Inadequate inventories may be the major reason of manufacturing delays and it may force the company
to procure raw materials at inflated prices. Similarly facility of credit sale is also extremely necessary for
increase of sales.

Working capital management is a very important component of corporate finance since it affects the
profitability and liquidity of a company. Its management may have both negative and positive impact on
the firm‟s profitability, which in turn, has negative and positive effect on shareholders‟ wealth.
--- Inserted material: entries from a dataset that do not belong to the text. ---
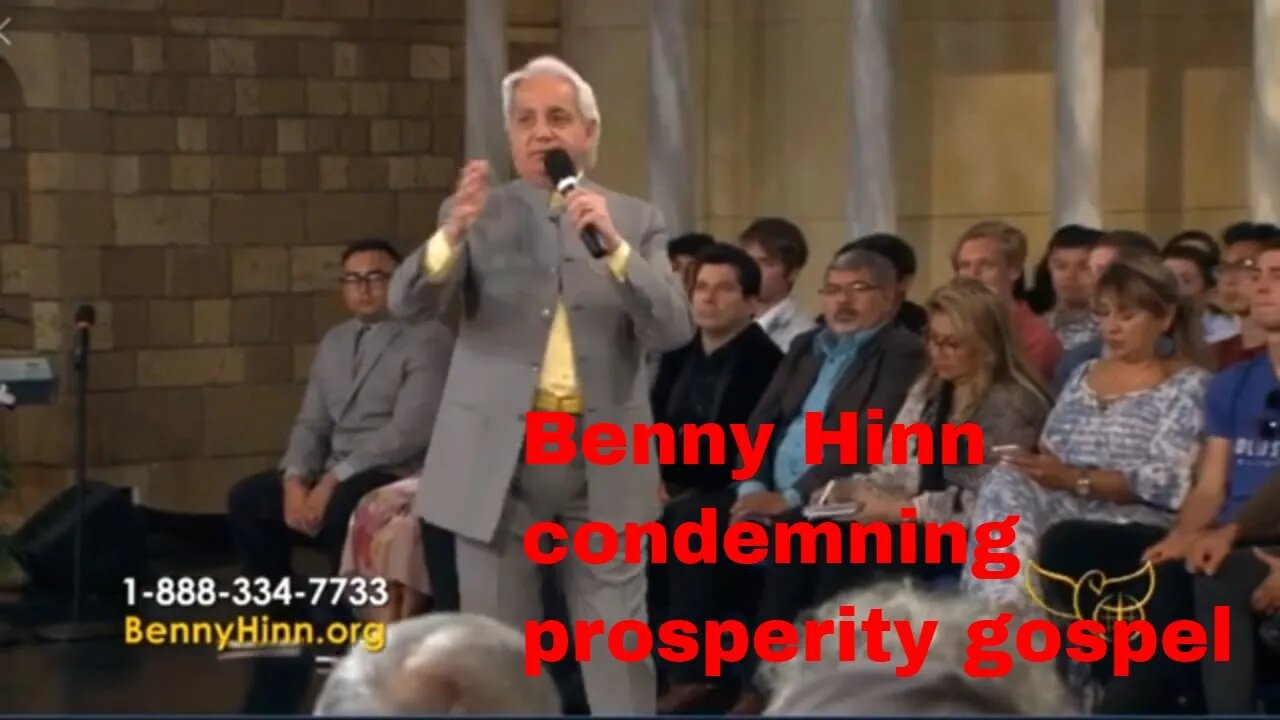 Benny Hinn's shocking confession About prosperity gospel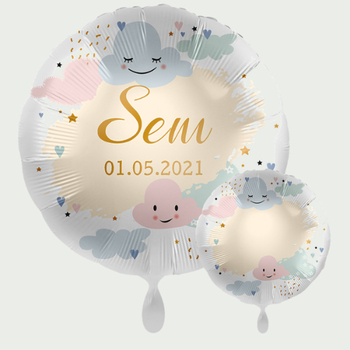 Balloon Birth with name and birth date
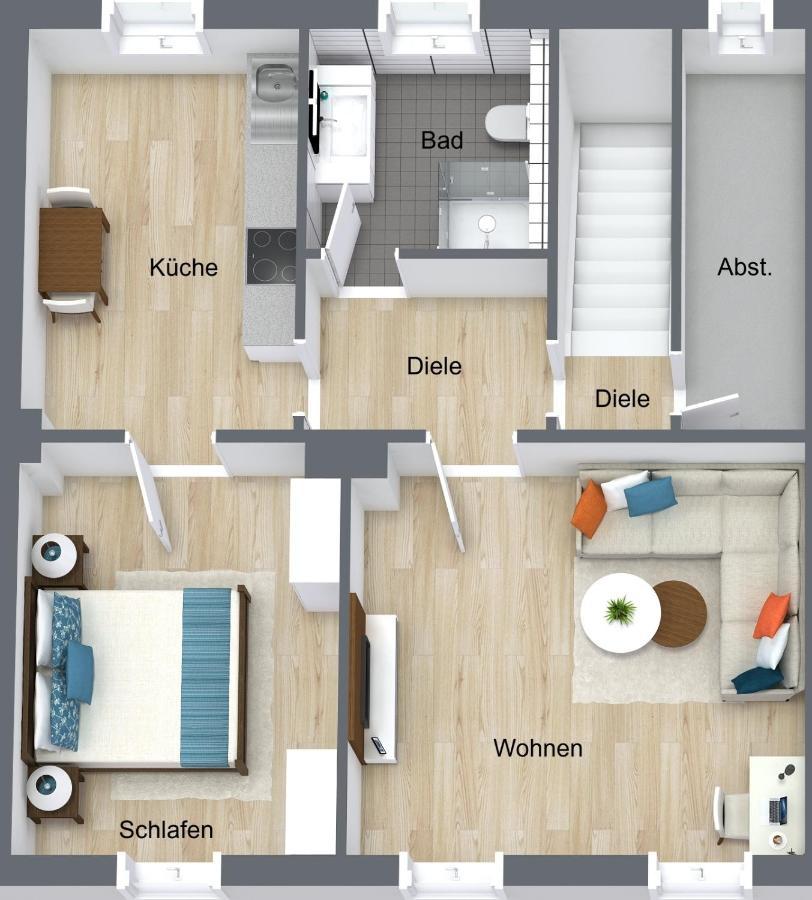 Feddersen Living Moderne Ferienwohnungen - Gemuetlich - Netflix - Voll Ausgestattet - Waschmaschine - Zentral Gelegen Brunsbuttel Bagian luar foto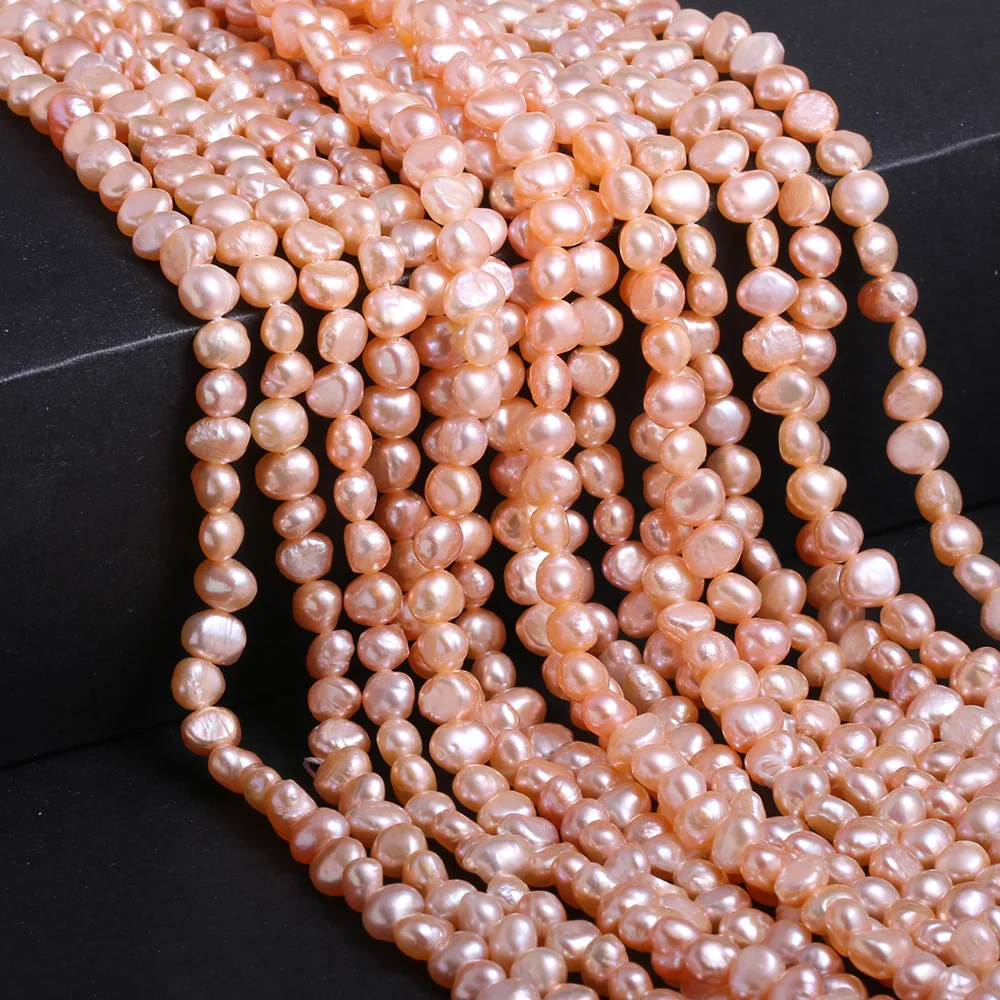 Natural Freshwater Pearl Baroque White pink Irregular Beads for Jewelry Making DIY Earrings Bracelet Necklace Accessories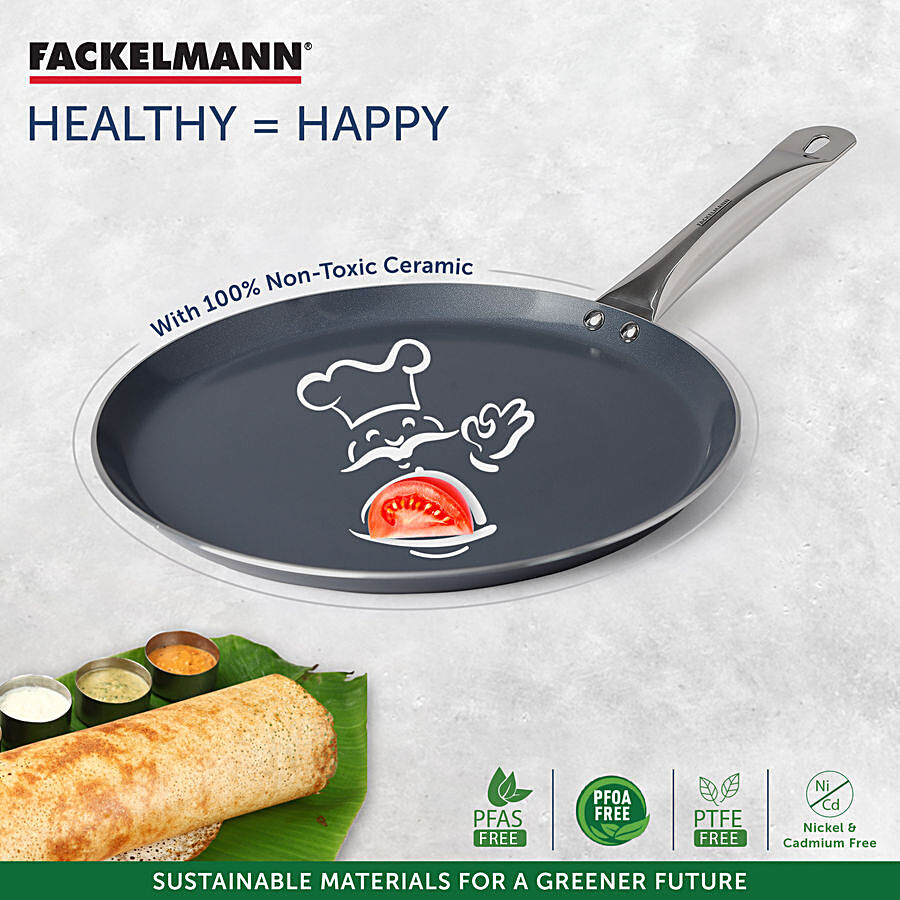 Fackelmann Ceramic Nonstick Flat Tawa Pan 28 cm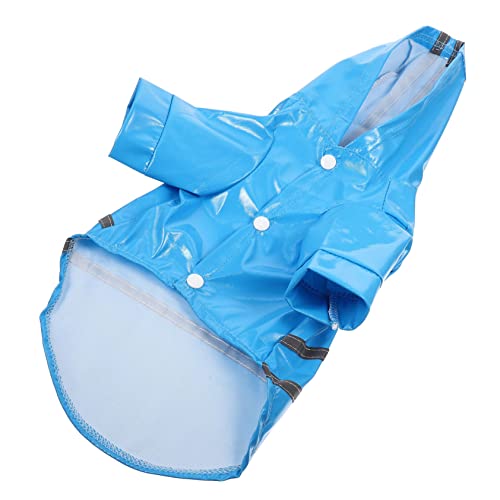 GRIRIW Reflektierender Haustier-Regenmantel Für Hunde Regenstiefel Welpen Regenmantel Für von GRIRIW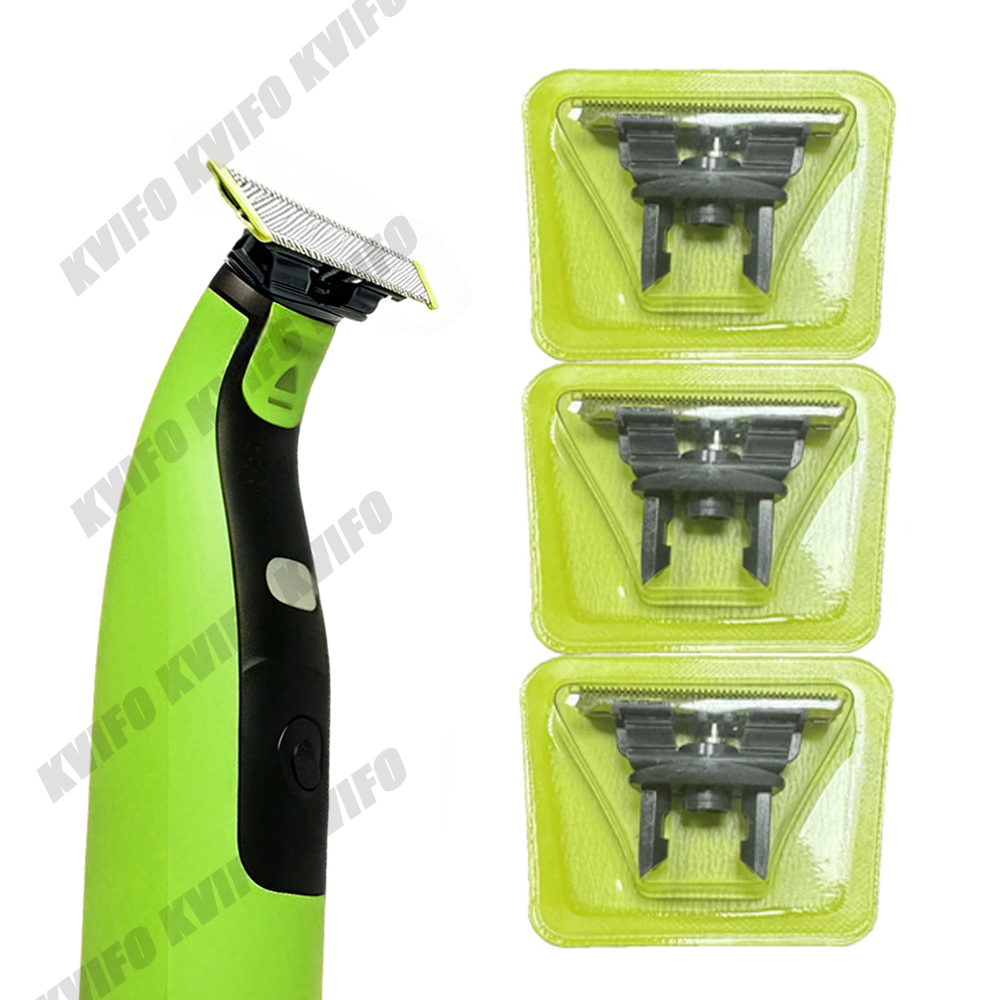 Cuchilla de Repuesto KVIFO de 1-3 Filos para Recortadora de Barba y Cabello, Compatible con QP2520 QP2530 QP2630 QP6510 QP6520 QP2523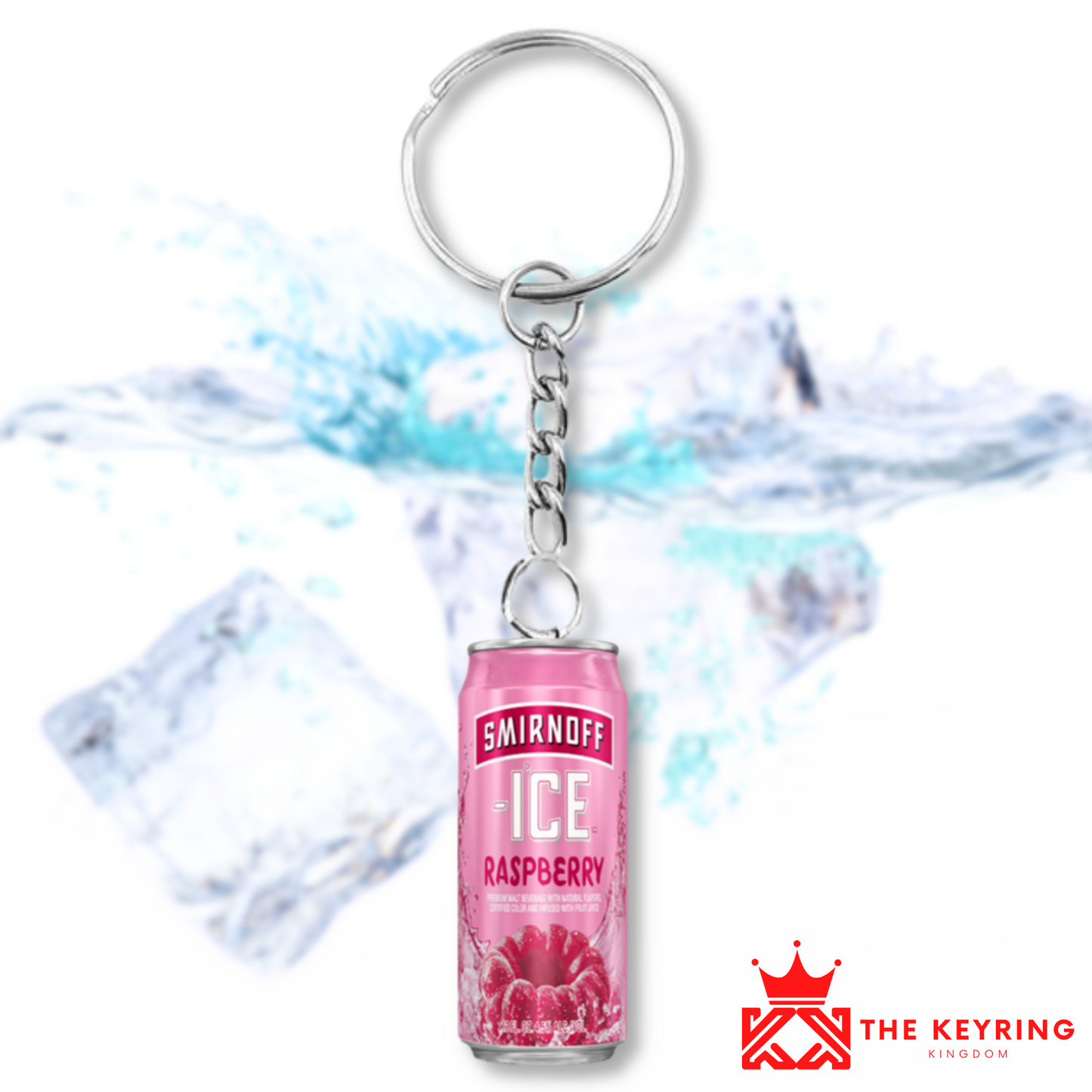 Smirnoff Ice Raspberry Keyring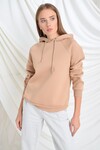 9392810 Üçiplik Reglan Kol Kapşonlu Sweat BİSKÜVİ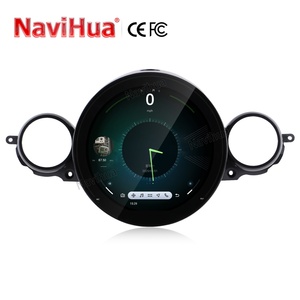 11.7" Round Screen for BMW MINI R56 2007 2011 Multimedia Android Car Radio <b>Auto</b> Head Unit Monitor Navigation Carplay New Design - Product Image 2
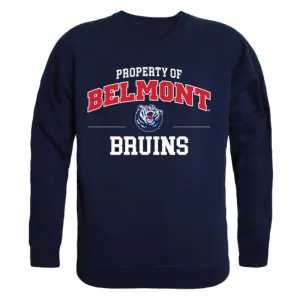 Belmont State University Bruins Property Crewneck Pullover Sweatshirt Sweater Navy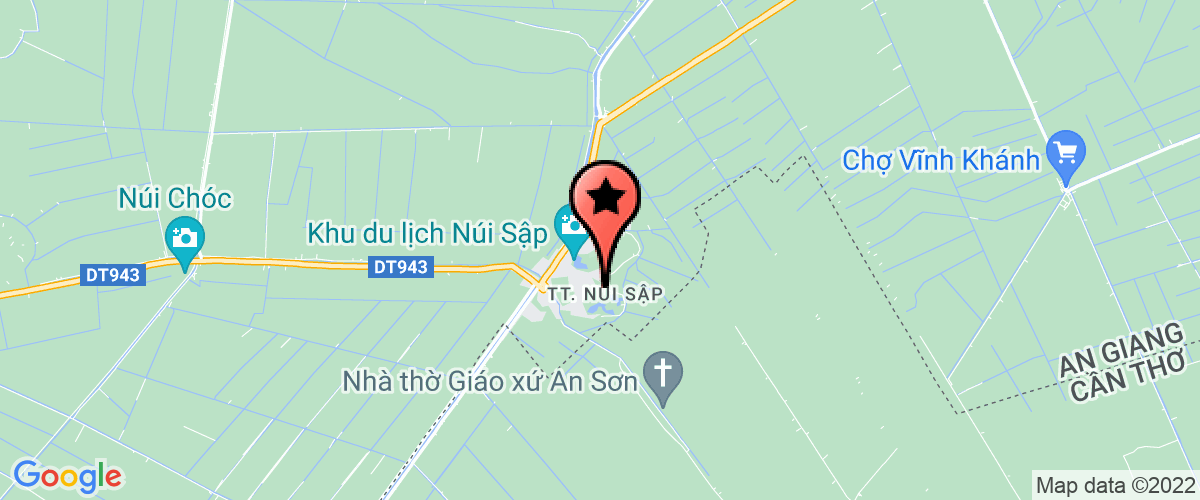 Bản đồ đến địa chỉ Xí Nghiệp Điện Nước                          Huyện Thoại Sơn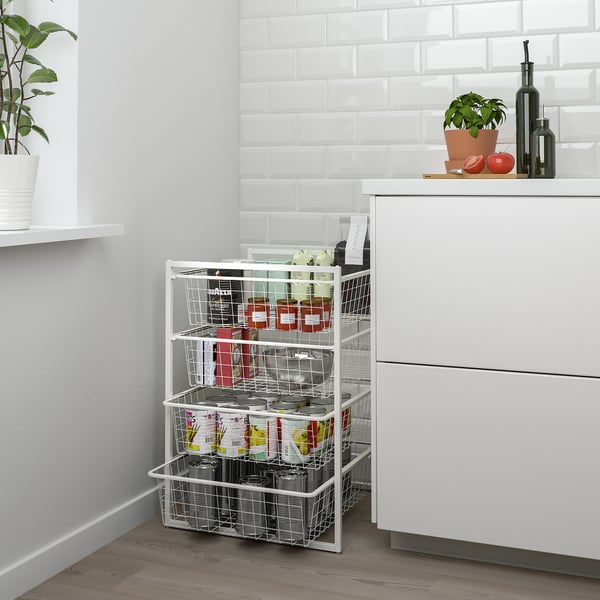 JONAXEL storage combination, white, 50x51x70 cm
This
study aimed to provide empirical evidence on the effects of working capital management on firm
profitability: Investors all over the world put their money into a business with a view to having some
return on investment irrespective of whether it is in a proprietorship, partnership and corporations. In
small and medium businesses, owners have direct or indirect control over the management of the
business so, they themselves are responsible for the profit and loss. On the other hand, in the large
multinational companies, themanagement of the company manages the affairs of the company on
behalf of owners but owners want management to take such decisions which will give positive signal to
market, increase the value of the firm, enhance profitability and maximize holding period return. The
heart of corporate finance literature is long term investment, capital structure and different valuation
methods. These have been the focus of intention for many researchers in the past. In short it concerns
the long term financial planning or decisions. On the other hand, it is believed that financial decisions of
short term assets and short term liabilities management also influence the stock price. These decisions
are vital because they demonstrate the financial stability of the firm and the market which develops
perception about the firm accordingly (Afza and Nazir,2008). An efficient working capital management
can create value for stakeholders while a deprived policy or inefficient management might affect the
business in an appalling way and might cause a financial distress.

Working capital management involves planning and controlling current assets and current liabilities in a
manner that eliminates the risk of incapability in meeting short term obligations on one hand and on the
other hand avoid undue investment in these assets (Eljelly, 2004). Lamberson (1995) argues that working
capital management has become one of the most important issues in organizations, where many
financial managers find it difficult to recognize the important drivers of working capital and the optimum
level of working capital. As a result, companies can curtail risks and develop their overall performance if
they can understand the role and determinants of working capital. The relationship between current
assets and current liability items is called working capital of the organization.